• Task directions
Among the entries below, only the lines from the one with "this 650×368 image." through the one with "this 870×580 image." are wanted, reproduced exactly. Pictures are not wanted.

• Records from a data collection
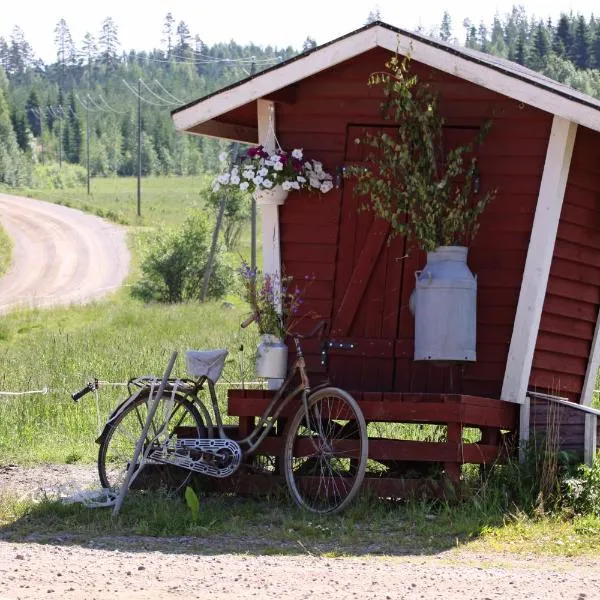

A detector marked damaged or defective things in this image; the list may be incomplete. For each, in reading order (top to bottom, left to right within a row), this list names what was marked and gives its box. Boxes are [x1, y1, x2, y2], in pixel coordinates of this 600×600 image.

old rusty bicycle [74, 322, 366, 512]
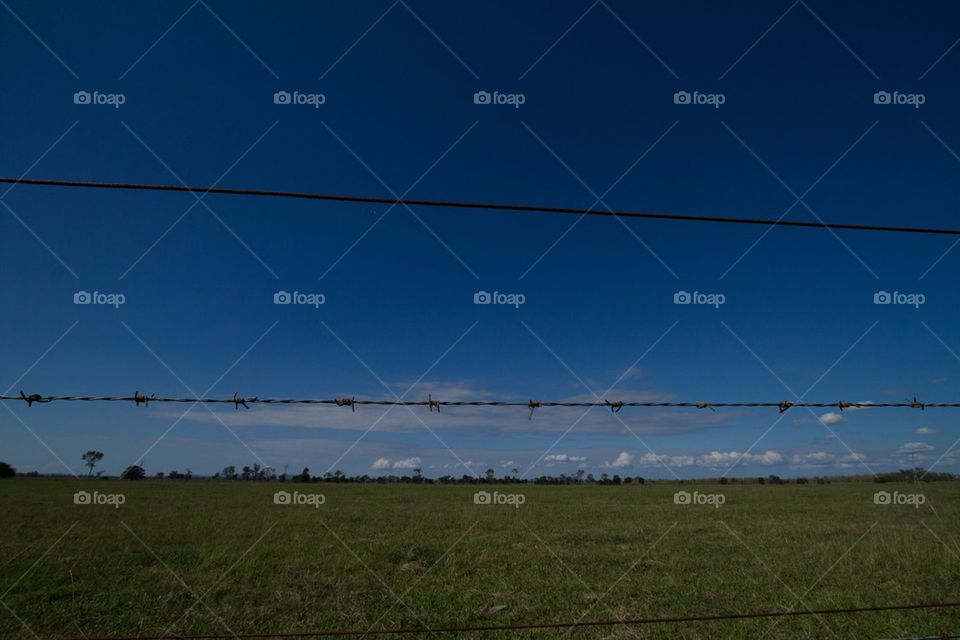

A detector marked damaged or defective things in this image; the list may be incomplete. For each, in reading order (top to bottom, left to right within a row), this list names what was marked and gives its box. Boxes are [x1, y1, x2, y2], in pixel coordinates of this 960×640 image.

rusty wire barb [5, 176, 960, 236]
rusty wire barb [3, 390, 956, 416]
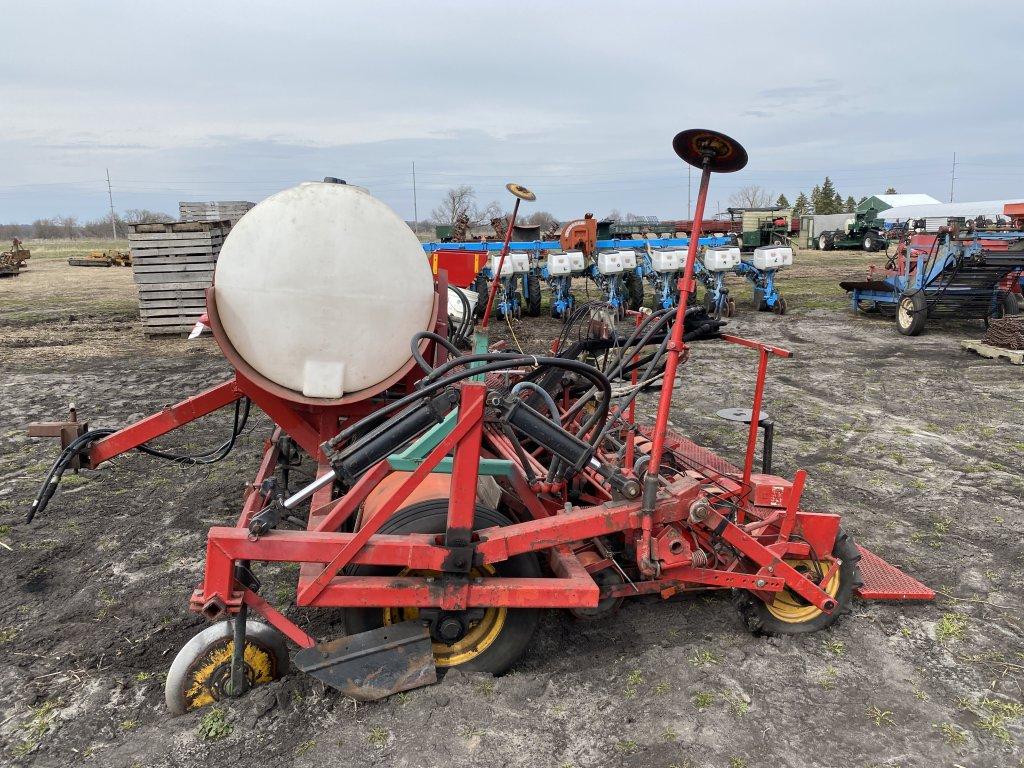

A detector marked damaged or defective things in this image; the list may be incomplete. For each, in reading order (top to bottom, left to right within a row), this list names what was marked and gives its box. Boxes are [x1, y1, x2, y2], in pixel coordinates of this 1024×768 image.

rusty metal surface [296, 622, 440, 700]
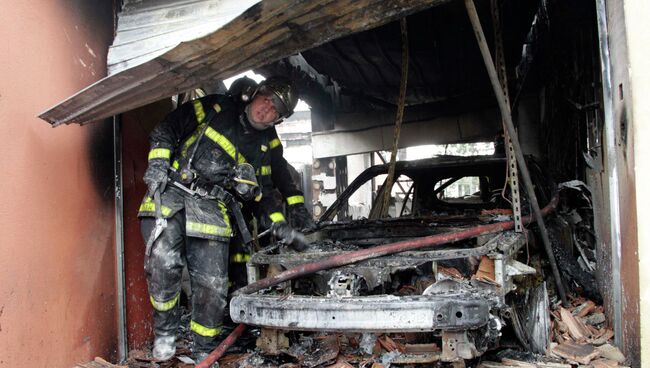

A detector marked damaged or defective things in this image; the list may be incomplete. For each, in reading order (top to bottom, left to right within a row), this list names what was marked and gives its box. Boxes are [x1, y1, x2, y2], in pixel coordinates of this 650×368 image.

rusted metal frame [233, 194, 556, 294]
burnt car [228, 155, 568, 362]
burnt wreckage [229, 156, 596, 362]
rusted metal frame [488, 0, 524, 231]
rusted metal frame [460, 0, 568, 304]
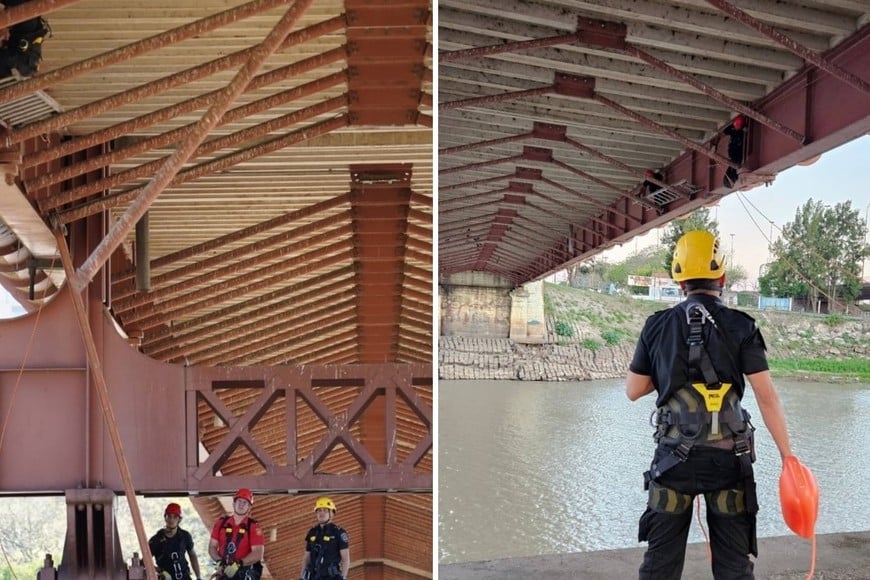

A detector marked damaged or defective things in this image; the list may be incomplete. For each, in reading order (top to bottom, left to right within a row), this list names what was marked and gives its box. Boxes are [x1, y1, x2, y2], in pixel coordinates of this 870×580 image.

--

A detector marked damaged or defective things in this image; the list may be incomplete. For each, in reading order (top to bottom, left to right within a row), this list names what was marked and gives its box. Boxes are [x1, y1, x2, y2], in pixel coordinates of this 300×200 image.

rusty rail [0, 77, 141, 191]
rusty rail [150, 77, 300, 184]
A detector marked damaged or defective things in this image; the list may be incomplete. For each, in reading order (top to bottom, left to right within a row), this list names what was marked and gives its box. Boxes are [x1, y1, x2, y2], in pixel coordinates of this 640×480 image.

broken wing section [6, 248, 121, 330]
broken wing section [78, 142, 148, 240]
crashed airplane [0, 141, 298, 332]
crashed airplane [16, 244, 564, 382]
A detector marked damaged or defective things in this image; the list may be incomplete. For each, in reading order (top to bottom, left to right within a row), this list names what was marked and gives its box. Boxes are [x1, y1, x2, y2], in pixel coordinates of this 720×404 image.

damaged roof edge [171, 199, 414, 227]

• Response to the task
A detector marked damaged or defective things in this image; the list may be incomplete. For each, in reading order (top to bottom, left to right within a row), this list names what was marked and gives its box. Boxes are [x1, y1, x2, y2], in pixel coordinates of this 650×368 image.

rusted metal frame [233, 194, 556, 294]
burnt car [228, 155, 568, 362]
burnt wreckage [229, 156, 596, 362]
rusted metal frame [488, 0, 524, 231]
rusted metal frame [460, 0, 568, 304]

A detector marked damaged or defective things in this image; the list may be incomplete. For each, in reading order (top to bottom, left to right within a row), this list names what was marked and gives its box. Boxes are [x1, y1, x2, y2], in pixel coordinates of this 870×580 image.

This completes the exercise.